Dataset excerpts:

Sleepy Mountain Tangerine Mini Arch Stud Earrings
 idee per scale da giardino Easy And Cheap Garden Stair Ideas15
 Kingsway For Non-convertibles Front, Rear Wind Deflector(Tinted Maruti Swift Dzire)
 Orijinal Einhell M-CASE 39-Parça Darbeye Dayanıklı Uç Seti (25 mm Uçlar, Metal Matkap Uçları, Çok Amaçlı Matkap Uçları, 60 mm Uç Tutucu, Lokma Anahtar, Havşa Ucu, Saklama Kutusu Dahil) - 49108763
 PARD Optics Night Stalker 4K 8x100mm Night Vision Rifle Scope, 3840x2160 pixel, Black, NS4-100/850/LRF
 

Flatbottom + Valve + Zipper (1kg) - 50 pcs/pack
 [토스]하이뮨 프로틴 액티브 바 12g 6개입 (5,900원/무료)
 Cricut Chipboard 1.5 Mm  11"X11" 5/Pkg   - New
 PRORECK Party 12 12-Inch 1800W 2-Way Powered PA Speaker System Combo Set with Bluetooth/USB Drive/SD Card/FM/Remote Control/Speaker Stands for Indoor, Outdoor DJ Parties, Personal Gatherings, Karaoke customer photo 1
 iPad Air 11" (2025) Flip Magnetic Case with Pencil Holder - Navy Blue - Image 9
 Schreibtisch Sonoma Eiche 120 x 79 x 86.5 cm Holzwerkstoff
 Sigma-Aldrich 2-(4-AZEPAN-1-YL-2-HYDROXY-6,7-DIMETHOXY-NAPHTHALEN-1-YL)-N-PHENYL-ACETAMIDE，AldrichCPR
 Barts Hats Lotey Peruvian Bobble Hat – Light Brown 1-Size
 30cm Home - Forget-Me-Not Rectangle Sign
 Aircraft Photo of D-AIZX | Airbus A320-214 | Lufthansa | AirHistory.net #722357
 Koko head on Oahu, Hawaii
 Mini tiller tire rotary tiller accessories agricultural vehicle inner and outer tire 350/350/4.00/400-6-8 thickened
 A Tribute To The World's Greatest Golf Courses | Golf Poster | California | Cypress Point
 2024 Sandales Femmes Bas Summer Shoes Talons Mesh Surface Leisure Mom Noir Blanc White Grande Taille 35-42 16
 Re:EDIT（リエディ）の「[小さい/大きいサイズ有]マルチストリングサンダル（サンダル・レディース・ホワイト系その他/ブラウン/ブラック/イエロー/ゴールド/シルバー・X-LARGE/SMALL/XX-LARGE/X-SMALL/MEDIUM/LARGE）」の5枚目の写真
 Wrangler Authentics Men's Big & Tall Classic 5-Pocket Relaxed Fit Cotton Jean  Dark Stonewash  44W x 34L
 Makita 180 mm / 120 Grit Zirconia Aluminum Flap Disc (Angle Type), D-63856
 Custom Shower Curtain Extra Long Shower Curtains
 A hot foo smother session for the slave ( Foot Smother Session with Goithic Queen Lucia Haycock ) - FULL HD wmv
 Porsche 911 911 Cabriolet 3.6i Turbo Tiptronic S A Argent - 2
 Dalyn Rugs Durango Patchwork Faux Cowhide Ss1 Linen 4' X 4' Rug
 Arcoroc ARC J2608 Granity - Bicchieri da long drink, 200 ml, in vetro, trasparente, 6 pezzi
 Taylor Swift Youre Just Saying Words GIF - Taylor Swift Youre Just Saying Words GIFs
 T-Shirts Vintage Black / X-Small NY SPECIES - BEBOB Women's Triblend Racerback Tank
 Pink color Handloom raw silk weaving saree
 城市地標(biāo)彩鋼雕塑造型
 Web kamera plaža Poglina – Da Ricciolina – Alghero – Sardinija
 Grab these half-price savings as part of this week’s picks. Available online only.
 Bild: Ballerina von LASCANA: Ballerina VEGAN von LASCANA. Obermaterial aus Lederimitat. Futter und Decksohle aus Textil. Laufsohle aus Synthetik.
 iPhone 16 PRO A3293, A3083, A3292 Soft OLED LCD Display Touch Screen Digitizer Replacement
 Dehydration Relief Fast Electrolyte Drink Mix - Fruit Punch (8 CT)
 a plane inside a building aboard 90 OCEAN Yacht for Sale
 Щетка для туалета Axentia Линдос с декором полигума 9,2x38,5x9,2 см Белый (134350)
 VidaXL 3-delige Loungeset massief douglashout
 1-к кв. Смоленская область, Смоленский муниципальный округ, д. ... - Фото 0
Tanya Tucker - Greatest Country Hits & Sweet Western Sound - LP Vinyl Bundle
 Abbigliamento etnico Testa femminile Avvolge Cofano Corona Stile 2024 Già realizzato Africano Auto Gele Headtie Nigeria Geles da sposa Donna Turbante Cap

■ Your task ■
When you reach the line containing "Flatbottom + Valve" in the data above, start copying exactly, and stop after the line containing "A Tribute To".

■ Worked solution ■
Flatbottom + Valve + Zipper (1kg) - 50 pcs/pack
 [토스]하이뮨 프로틴 액티브 바 12g 6개입 (5,900원/무료)
 Cricut Chipboard 1.5 Mm  11"X11" 5/Pkg   - New
 PRORECK Party 12 12-Inch 1800W 2-Way Powered PA Speaker System Combo Set with Bluetooth/USB Drive/SD Card/FM/Remote Control/Speaker Stands for Indoor, Outdoor DJ Parties, Personal Gatherings, Karaoke customer photo 1
 iPad Air 11" (2025) Flip Magnetic Case with Pencil Holder - Navy Blue - Image 9
 Schreibtisch Sonoma Eiche 120 x 79 x 86.5 cm Holzwerkstoff
 Sigma-Aldrich 2-(4-AZEPAN-1-YL-2-HYDROXY-6,7-DIMETHOXY-NAPHTHALEN-1-YL)-N-PHENYL-ACETAMIDE，AldrichCPR
 Barts Hats Lotey Peruvian Bobble Hat – Light Brown 1-Size
 30cm Home - Forget-Me-Not Rectangle Sign
 Aircraft Photo of D-AIZX | Airbus A320-214 | Lufthansa | AirHistory.net #722357
 Koko head on Oahu, Hawaii
 Mini tiller tire rotary tiller accessories agricultural vehicle inner and outer tire 350/350/4.00/400-6-8 thickened
 A Tribute To The World's Greatest Golf Courses | Golf Poster | California | Cypress Point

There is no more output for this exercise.